◆ Dataset entries:
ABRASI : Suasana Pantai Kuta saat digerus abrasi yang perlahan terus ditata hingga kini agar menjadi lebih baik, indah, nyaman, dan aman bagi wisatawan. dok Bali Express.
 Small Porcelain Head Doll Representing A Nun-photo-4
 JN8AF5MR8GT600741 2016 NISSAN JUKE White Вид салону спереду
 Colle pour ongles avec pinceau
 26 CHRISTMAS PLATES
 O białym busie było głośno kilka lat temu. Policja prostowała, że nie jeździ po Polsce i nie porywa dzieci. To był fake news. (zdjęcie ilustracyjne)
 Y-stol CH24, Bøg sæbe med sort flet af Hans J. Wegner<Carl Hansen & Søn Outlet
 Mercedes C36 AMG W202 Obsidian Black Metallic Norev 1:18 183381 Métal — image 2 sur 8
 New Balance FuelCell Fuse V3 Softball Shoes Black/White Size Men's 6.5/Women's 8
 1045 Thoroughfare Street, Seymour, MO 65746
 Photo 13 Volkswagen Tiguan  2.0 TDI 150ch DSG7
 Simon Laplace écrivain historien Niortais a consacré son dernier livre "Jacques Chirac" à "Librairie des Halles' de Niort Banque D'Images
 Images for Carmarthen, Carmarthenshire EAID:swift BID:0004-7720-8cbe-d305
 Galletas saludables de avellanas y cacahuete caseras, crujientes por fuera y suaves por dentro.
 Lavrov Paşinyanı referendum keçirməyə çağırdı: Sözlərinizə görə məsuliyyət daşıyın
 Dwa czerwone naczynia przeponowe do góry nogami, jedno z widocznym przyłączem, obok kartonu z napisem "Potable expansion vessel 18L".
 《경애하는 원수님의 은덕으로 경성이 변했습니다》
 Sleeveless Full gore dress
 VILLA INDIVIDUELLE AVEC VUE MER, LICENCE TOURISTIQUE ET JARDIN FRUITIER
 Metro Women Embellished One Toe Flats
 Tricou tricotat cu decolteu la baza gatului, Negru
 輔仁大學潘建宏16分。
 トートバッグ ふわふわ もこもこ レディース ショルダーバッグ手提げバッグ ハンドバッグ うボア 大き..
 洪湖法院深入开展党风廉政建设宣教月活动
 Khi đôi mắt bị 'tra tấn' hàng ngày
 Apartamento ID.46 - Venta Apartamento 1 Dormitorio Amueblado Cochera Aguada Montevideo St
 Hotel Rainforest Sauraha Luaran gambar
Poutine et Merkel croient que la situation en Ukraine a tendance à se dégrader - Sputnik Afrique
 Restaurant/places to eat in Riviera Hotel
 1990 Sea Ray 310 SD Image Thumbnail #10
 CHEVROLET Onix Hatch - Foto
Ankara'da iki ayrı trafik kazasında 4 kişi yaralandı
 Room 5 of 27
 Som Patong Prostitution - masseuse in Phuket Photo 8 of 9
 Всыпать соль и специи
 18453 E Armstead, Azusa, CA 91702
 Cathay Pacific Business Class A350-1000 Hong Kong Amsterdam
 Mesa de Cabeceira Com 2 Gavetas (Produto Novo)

◆ Task details: An exact copy of the listing above is all the answer should hold.

◆ Response:
ABRASI : Suasana Pantai Kuta saat digerus abrasi yang perlahan terus ditata hingga kini agar menjadi lebih baik, indah, nyaman, dan aman bagi wisatawan. dok Bali Express.
 Small Porcelain Head Doll Representing A Nun-photo-4
 JN8AF5MR8GT600741 2016 NISSAN JUKE White Вид салону спереду
 Colle pour ongles avec pinceau
 26 CHRISTMAS PLATES
 O białym busie było głośno kilka lat temu. Policja prostowała, że nie jeździ po Polsce i nie porywa dzieci. To był fake news. (zdjęcie ilustracyjne)
 Y-stol CH24, Bøg sæbe med sort flet af Hans J. Wegner<Carl Hansen & Søn Outlet
 Mercedes C36 AMG W202 Obsidian Black Metallic Norev 1:18 183381 Métal — image 2 sur 8
 New Balance FuelCell Fuse V3 Softball Shoes Black/White Size Men's 6.5/Women's 8
 1045 Thoroughfare Street, Seymour, MO 65746
 Photo 13 Volkswagen Tiguan  2.0 TDI 150ch DSG7
 Simon Laplace écrivain historien Niortais a consacré son dernier livre "Jacques Chirac" à "Librairie des Halles' de Niort Banque D'Images
 Images for Carmarthen, Carmarthenshire EAID:swift BID:0004-7720-8cbe-d305
 Galletas saludables de avellanas y cacahuete caseras, crujientes por fuera y suaves por dentro.
 Lavrov Paşinyanı referendum keçirməyə çağırdı: Sözlərinizə görə məsuliyyət daşıyın
 Dwa czerwone naczynia przeponowe do góry nogami, jedno z widocznym przyłączem, obok kartonu z napisem "Potable expansion vessel 18L".
 《경애하는 원수님의 은덕으로 경성이 변했습니다》
 Sleeveless Full gore dress
 VILLA INDIVIDUELLE AVEC VUE MER, LICENCE TOURISTIQUE ET JARDIN FRUITIER
 Metro Women Embellished One Toe Flats
 Tricou tricotat cu decolteu la baza gatului, Negru
 輔仁大學潘建宏16分。
 トートバッグ ふわふわ もこもこ レディース ショルダーバッグ手提げバッグ ハンドバッグ うボア 大き..
 洪湖法院深入开展党风廉政建设宣教月活动
 Khi đôi mắt bị 'tra tấn' hàng ngày
 Apartamento ID.46 - Venta Apartamento 1 Dormitorio Amueblado Cochera Aguada Montevideo St
 Hotel Rainforest Sauraha Luaran gambar
Poutine et Merkel croient que la situation en Ukraine a tendance à se dégrader - Sputnik Afrique
 Restaurant/places to eat in Riviera Hotel
 1990 Sea Ray 310 SD Image Thumbnail #10
 CHEVROLET Onix Hatch - Foto
Ankara'da iki ayrı trafik kazasında 4 kişi yaralandı
 Room 5 of 27
 Som Patong Prostitution - masseuse in Phuket Photo 8 of 9
 Всыпать соль и специи
 18453 E Armstead, Azusa, CA 91702
 Cathay Pacific Business Class A350-1000 Hong Kong Amsterdam
 Mesa de Cabeceira Com 2 Gavetas (Produto Novo)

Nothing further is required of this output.